Open utensil opened 1 year ago

utensil commented 1 year ago

This is not an issue, but a description of a POC of a few addons to axolotl training lifecycle, some addons could be valid feature requests, and some are out-of-scope for axolotl itself but make sense for something like an "axolotl runner", I'll probably extract it to such a runner in a separate repo later, but I'll describe and show how it works here and now.

The purpose of this issue is to invite discussions about the POC and also the need to address all these during the axolotl training lifecycle.

TLDR

The POC implements the idea that simply committing a yaml config to a git repo could:

  1. spin up a RunPod (or vast.ai or any GPU cloud that has API support) GPU instance and prepare for the training (e.g. pre-download the model really fast)
  2. report (e.g. to W&B)/monit (e.g. whether the instance is idle for too long)/notify(e.g. to discord) in the process
  3. finish things up (uploading the trained model, terminate the instance etc.) after the training.

It looks like this in my discord channel, all triggered by committing a yml config (possibly from a phone) so that I can easily and efficiently test a yml config (or mutiple configs in parallel) even when I'm going to have lunch, drive to somewhere or handle anything in the reality:

image

In case anything goes wrong during training:

image

In case I forgot to or the script failed to terminate the instance and left it idle:

image

Warning: the POC works for me nicely, but the components are not well organized, and the code is hacky and messy at the moment.

An example yml file

There's an example yml file here: https://github.com/utensil/llm-playground/blob/main/tasks/test_project/minotaur.yml

The yml file is mostly just an ordinary axolotl yml config plus some extra configs for the GPU instance and some feature switch for the runner as shown below:

runpod:
  entry: |
    bash -c "curl -H 'Cache-Control: no-cache' https://raw.githubusercontent.com/utensil/llm-playground/main/scripts/entry/ax_lite_train.sh -sSf | bash"

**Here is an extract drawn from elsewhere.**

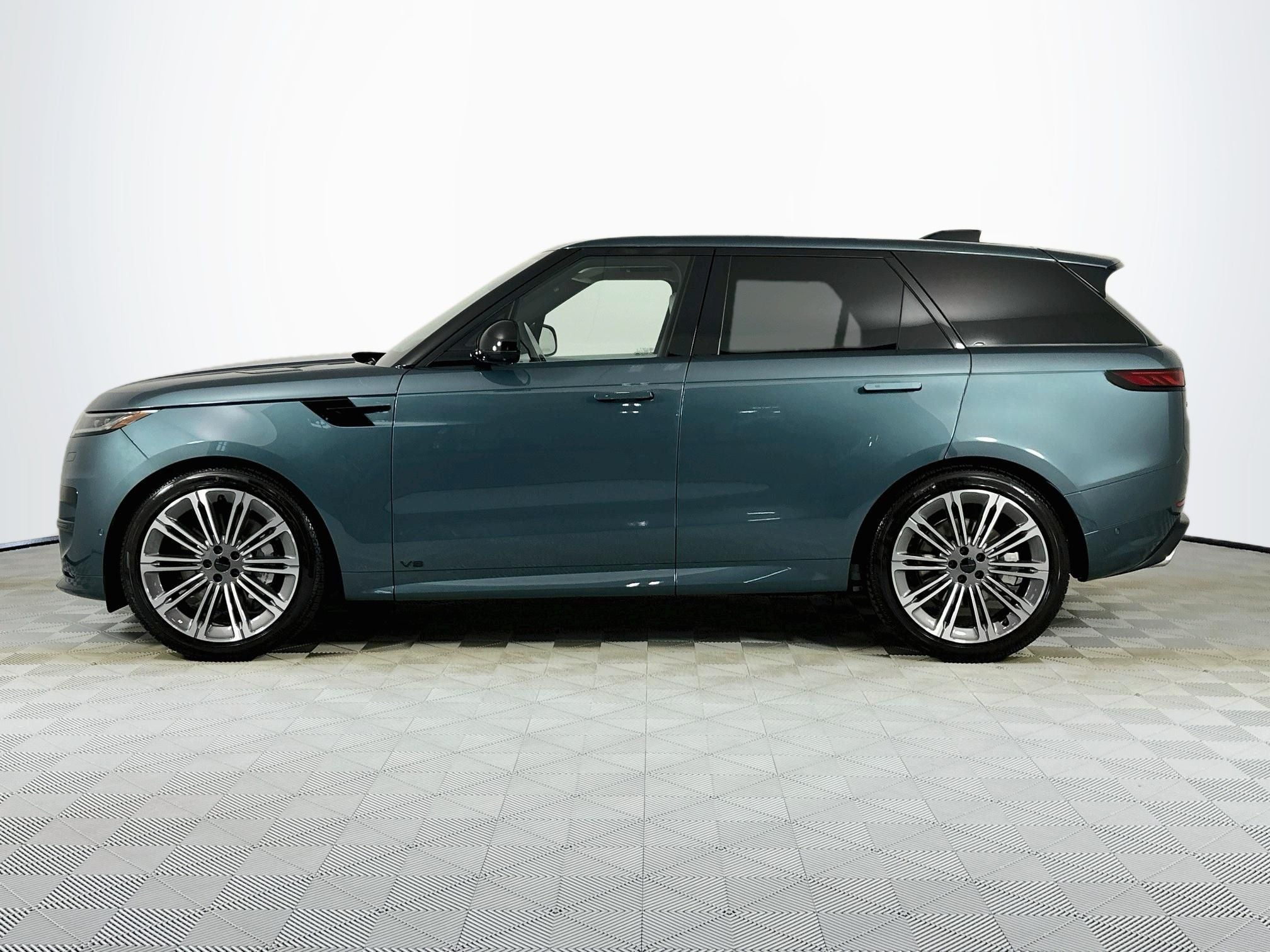 2026 Land Rover Range Rover Sport Dynamic SE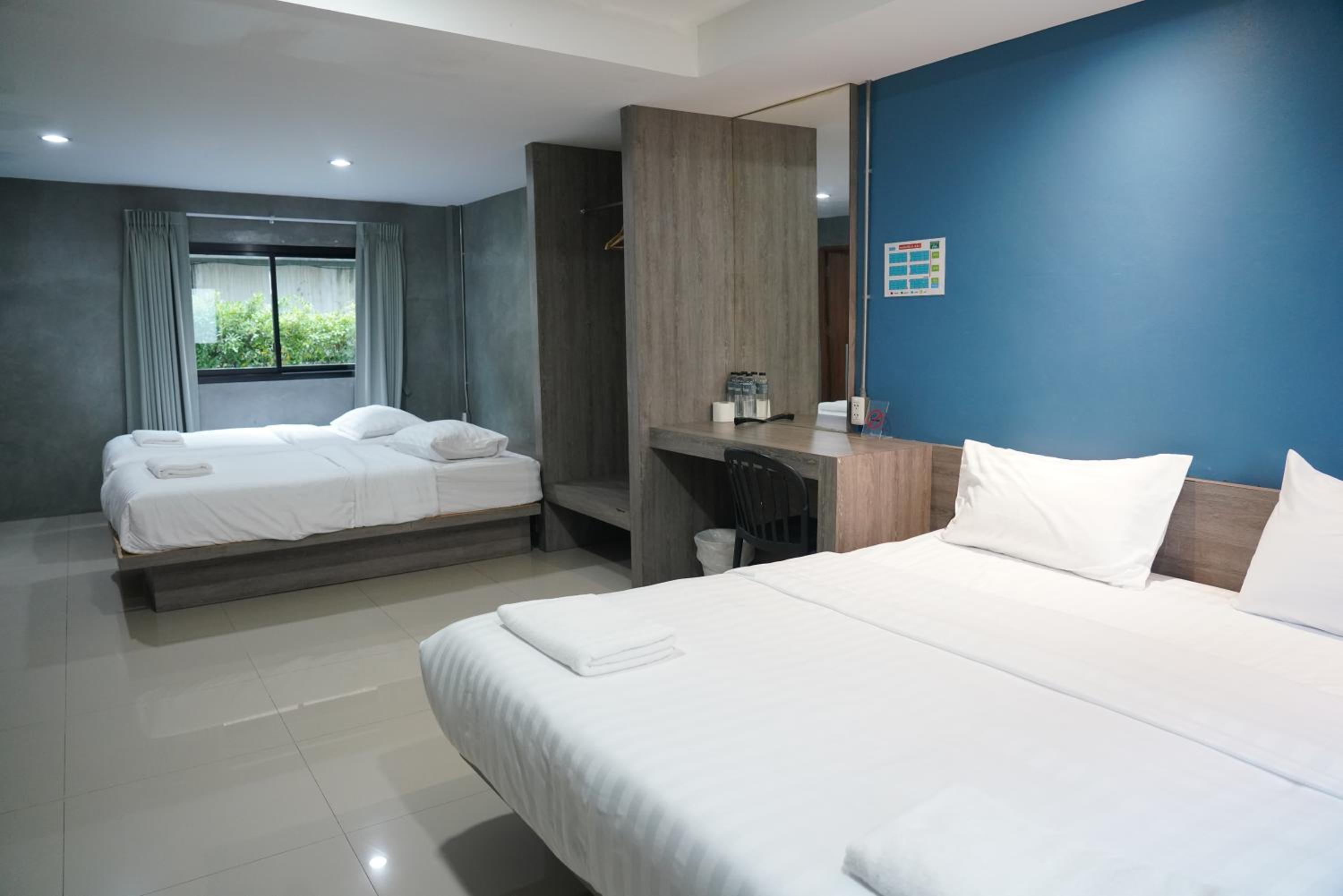 Quadruple Room with Shower photo 3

  # "NVIDIA RTX A5000" # "NVIDIA RTX A6000" "NVIDIA A100-SXM4-80GB"
  gpu: "NVIDIA RTX A6000"
  # pod_type: INTERRUPTABLE
  cloud_type: "SECURE" # "ALL" "COMMUNITY"
  max_bid_per_gpu: 2.0
  # template_id: xxxxxxxxxx
  gpu_count: 1
  container_disk_in_gb: 50
  volume_in_gb: 200
  min_vcpu_count: 8
  min_memory_in_gb: 29
  min_download: 2000
  min_upload: 1500
  stop_after: 3600
  terminate_after: -1
  # Set to false to stay running after training
  one_shot: true
  env:
    TEST_ENV: happy
  # deepspeed: true

Most of them are self-explained and are passed to the RunPod API to create a GPU instance matching the criteria, one_shot is to indicate whether to terminate the instance after training.

For now I think it's easier to maintain these configs along with axolotl configs in one file, together they form a training task. The extra config might manipulate and enhance axolotl configs as you'll see below.

Step 1: Spin up a GPU instance

The related POC code comprised of:

The workflow will trigger another periodical workflow to monit the GPU instances and notify to the discord channel, so I won't forget terminating idle instances. When there's no GPU instances, the workflow will disable itself until it's woken by another training task.

The monit workflow could be enhanced to terminate the instance if it's an instance triggered automatically, and it remains idle for too long.

Step 2: Enhance the training

The related POC code is mostly in a Python script that monky-patches axolotl, it does the following:

Step 3: Finish things up

The related POC code is also in the Python script above, it does the following:

ashercn97 commented 1 year ago

THIS IS SO COOL

ashercn97 commented 1 year ago

WOULD I HAVE TO PAY FOR ACCESS TO THIS?

utensil commented 1 year ago

WOULD I HAVE TO PAY FOR ACCESS TO THIS?

No, it's all open-sourced and free to reuse to build your workflow. But currently this is too tightly integrated with my code base with other stuff and I haven't had the time to extract this to something that works simply by forking then adding a config yet.

ashercn97 commented 1 year ago

@utensil okay! Ty!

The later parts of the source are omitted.